__REQUIRED WORK__. Your transcription must include every record word for word and no pictures.

__MATERIAL SUPPLIED__.

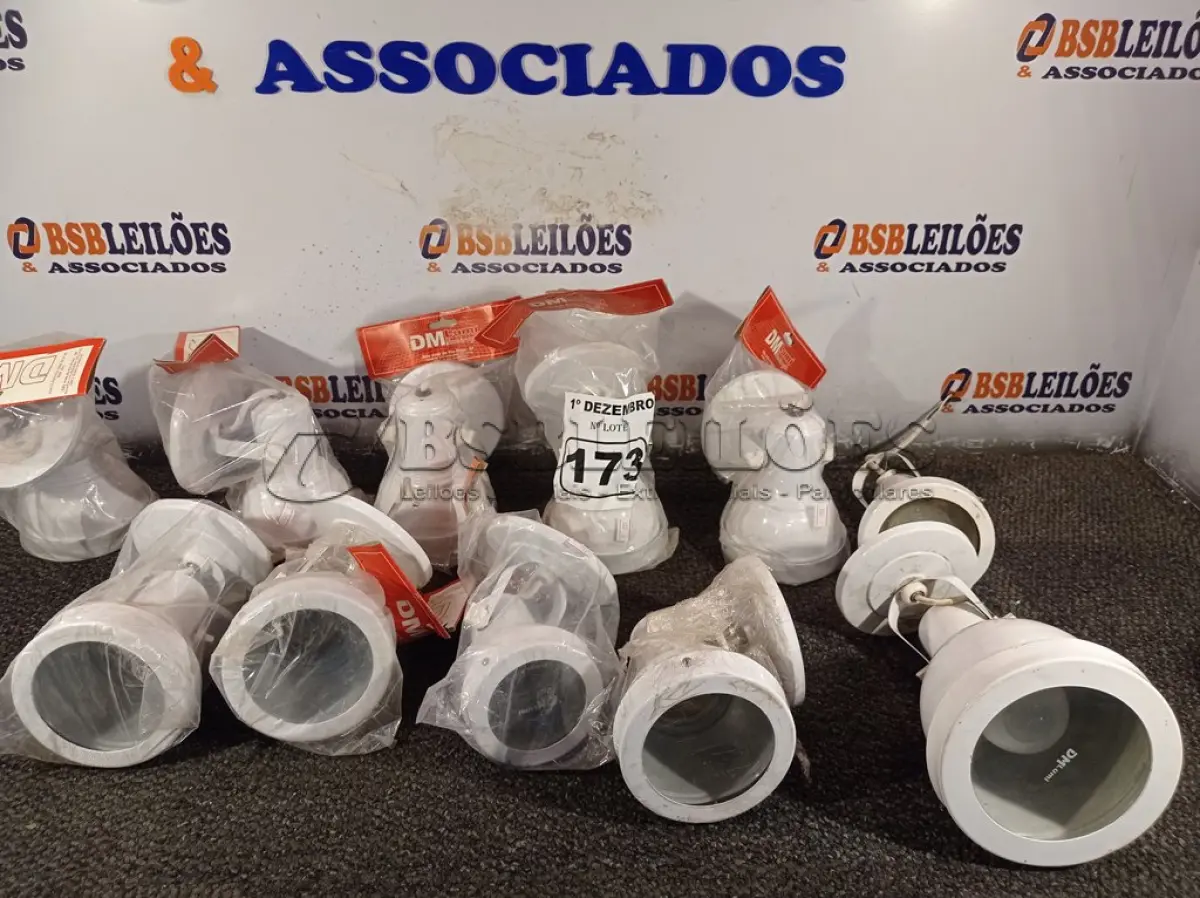 LOTE 173 - 11 LUMINÁRIAS DE SOBREPOR. (NO ESTADO) ATENÇÃO! FAZER A VISITAÇÃO ANTES DE ARREMATAR, NÃO SABEMOS SE FUNCIONA. LEILÃO NÃO TEM GARANTIA E NEM DEVOLUÇÃO, SUJEITO A POSSÍVEIS AVARIAS VISÍVEIS/OCULTAS E/OU AUSÊNCIA DE COMPONENTES.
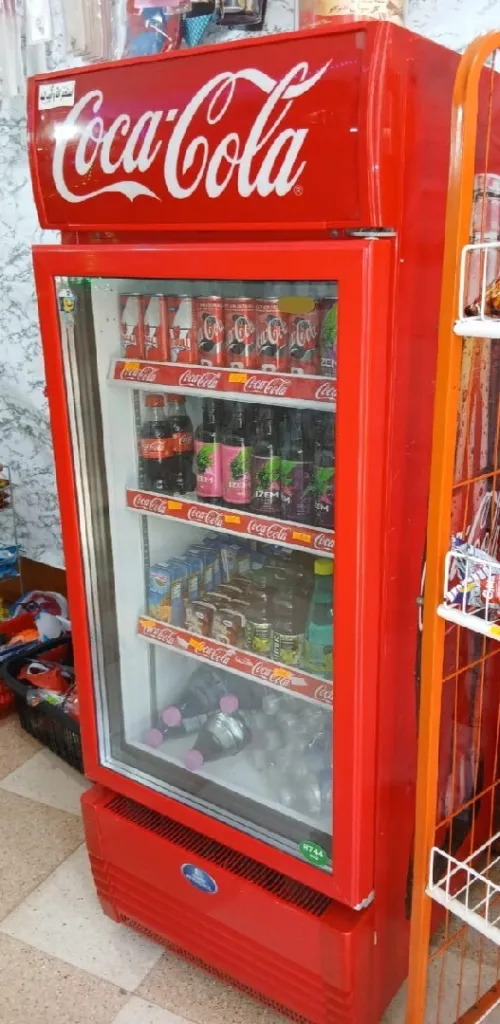 Réfrigérateur commercial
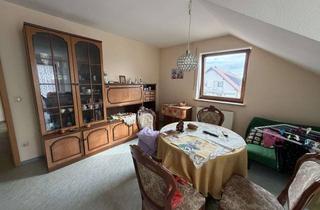 Wohnung kaufen in 96179 Rattelsdorf, 2-Zi.-ETW, Nähe Bamberg, Balkon, zus. Spitzboden, Kfz-Platz, derz. vermietet, Heizung erneuert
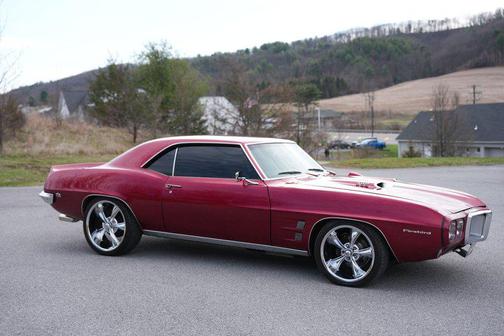 1969 Pontiac Firebird 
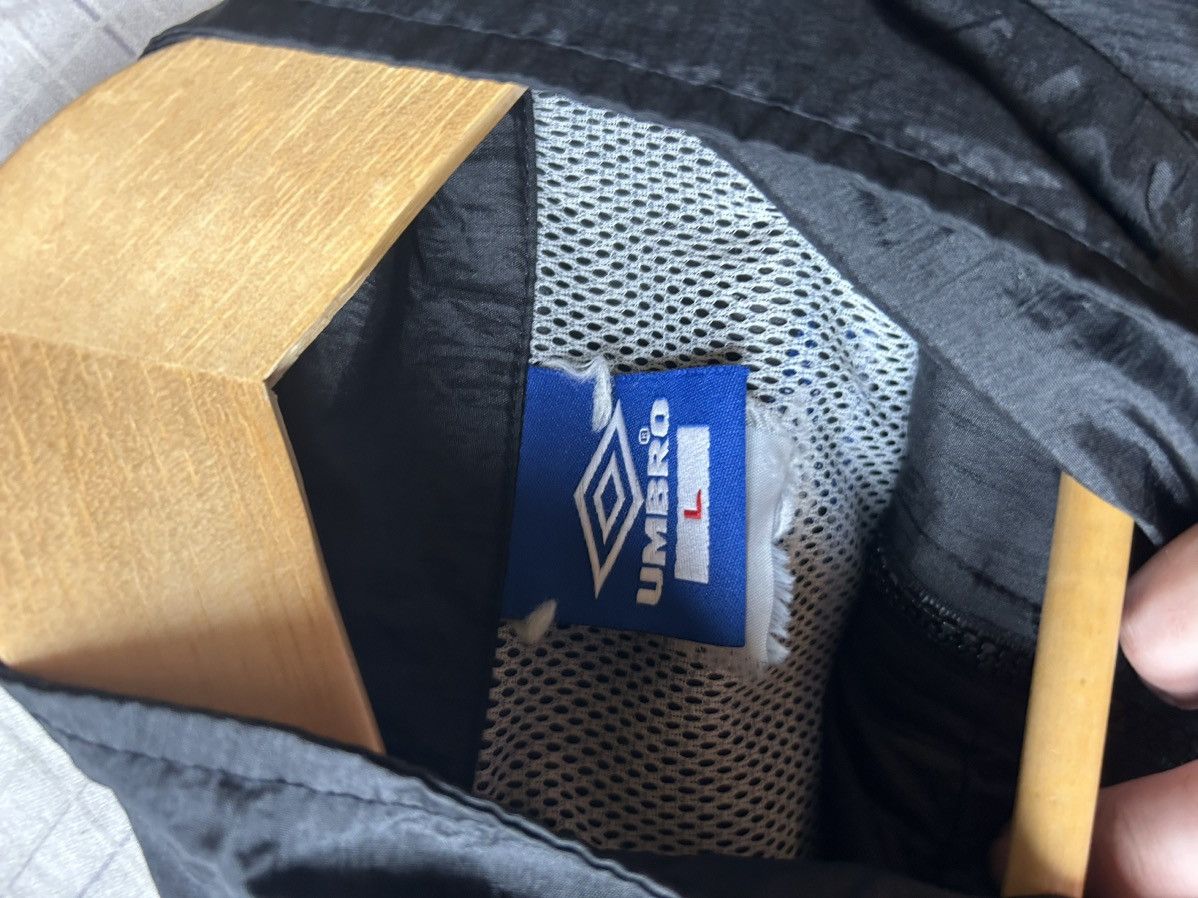 Umbro Vintage Umbro Light Jacket Size US L / EU 52-54 / 3 - 5 Thumbnail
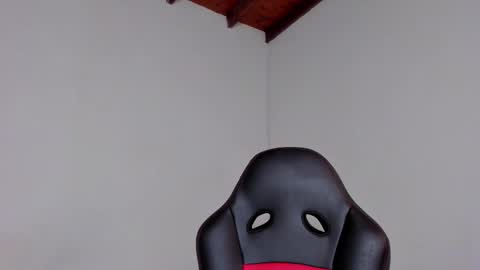 Luigi Vitale online show from 23, 12, 2025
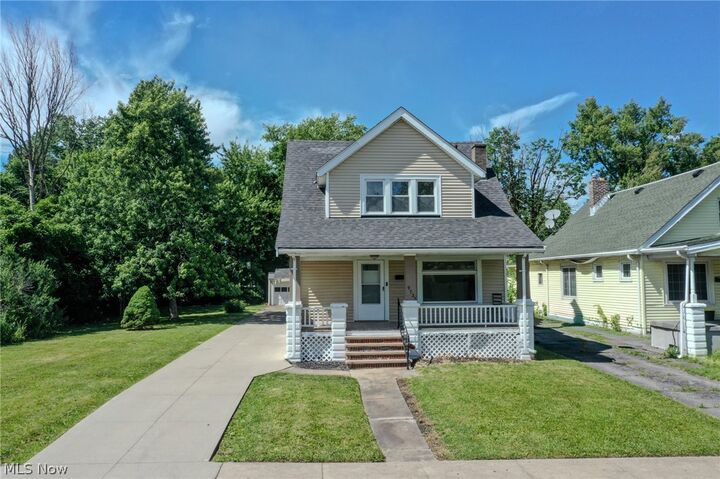 Property Photo: 9725 Parkview Avenue OH 44125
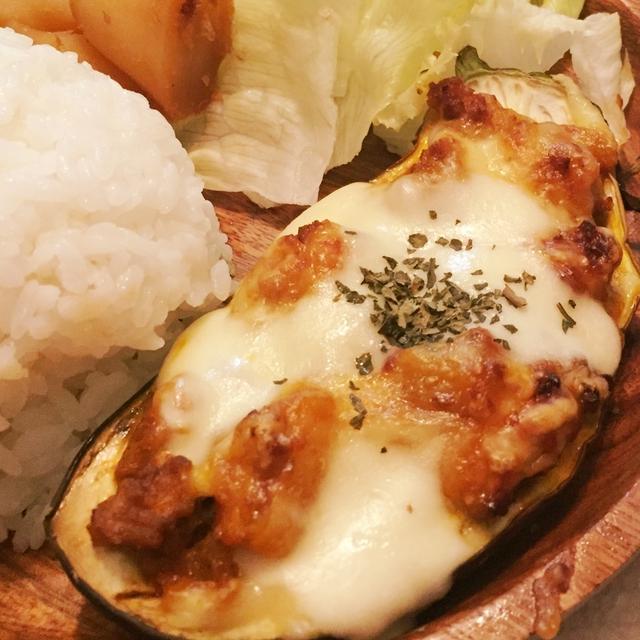 茄子のミートソースでボート焼きとガス給湯器が壊れた話と長男くんのいない過ごし方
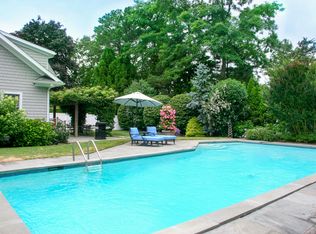 48 Shore Rd, Remsenburg, NY 11960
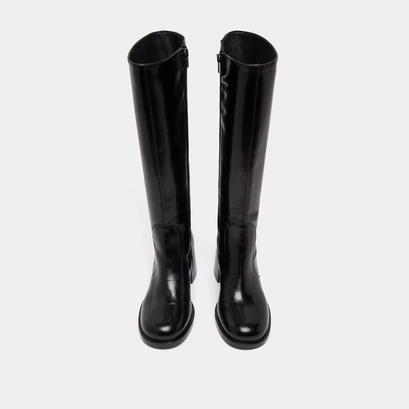 Boots with heels and rounded toes in black leather | bienvenue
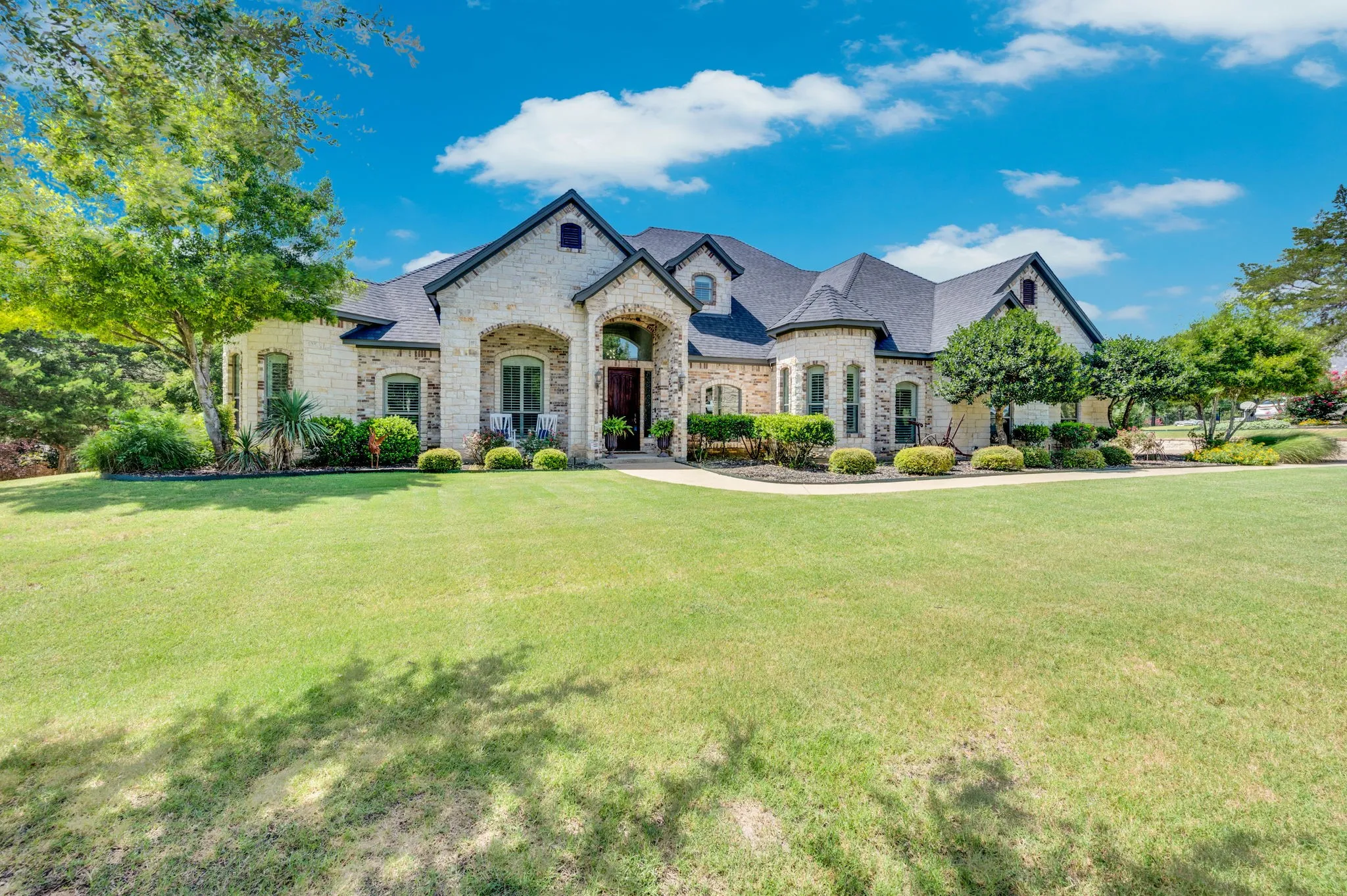 Single Family Residence For Sale in Ellis County , 3840 Angela Court, Midlothian, Texas 76065, 6 Bedroom, 5 Bathroom, 3 Garage spaces, 5,046 Sqft, built in 2007, mls#21310471, Real Estate Agent in Midlothian, Homes For Sale in Ellis county, Homes For Sale in Midlothian, Realtor in Midlothian Texas, Real Estate Brokerage Independent Realty Texas, Luminita Cordes Realtor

__YOUR SOLUTION__.
 LOTE 173 - 11 LUMINÁRIAS DE SOBREPOR. (NO ESTADO) ATENÇÃO! FAZER A VISITAÇÃO ANTES DE ARREMATAR, NÃO SABEMOS SE FUNCIONA. LEILÃO NÃO TEM GARANTIA E NEM DEVOLUÇÃO, SUJEITO A POSSÍVEIS AVARIAS VISÍVEIS/OCULTAS E/OU AUSÊNCIA DE COMPONENTES.
 Réfrigérateur commercial
 Wohnung kaufen in 96179 Rattelsdorf, 2-Zi.-ETW, Nähe Bamberg, Balkon, zus. Spitzboden, Kfz-Platz, derz. vermietet, Heizung erneuert
 1969 Pontiac Firebird 
 Umbro Vintage Umbro Light Jacket Size US L / EU 52-54 / 3 - 5 Thumbnail
 Luigi Vitale online show from 23, 12, 2025
 Property Photo: 9725 Parkview Avenue OH 44125
 茄子のミートソースでボート焼きとガス給湯器が壊れた話と長男くんのいない過ごし方
 48 Shore Rd, Remsenburg, NY 11960
 Boots with heels and rounded toes in black leather | bienvenue
 Single Family Residence For Sale in Ellis County , 3840 Angela Court, Midlothian, Texas 76065, 6 Bedroom, 5 Bathroom, 3 Garage spaces, 5,046 Sqft, built in 2007, mls#21310471, Real Estate Agent in Midlothian, Homes For Sale in Ellis county, Homes For Sale in Midlothian, Realtor in Midlothian Texas, Real Estate Brokerage Independent Realty Texas, Luminita Cordes Realtor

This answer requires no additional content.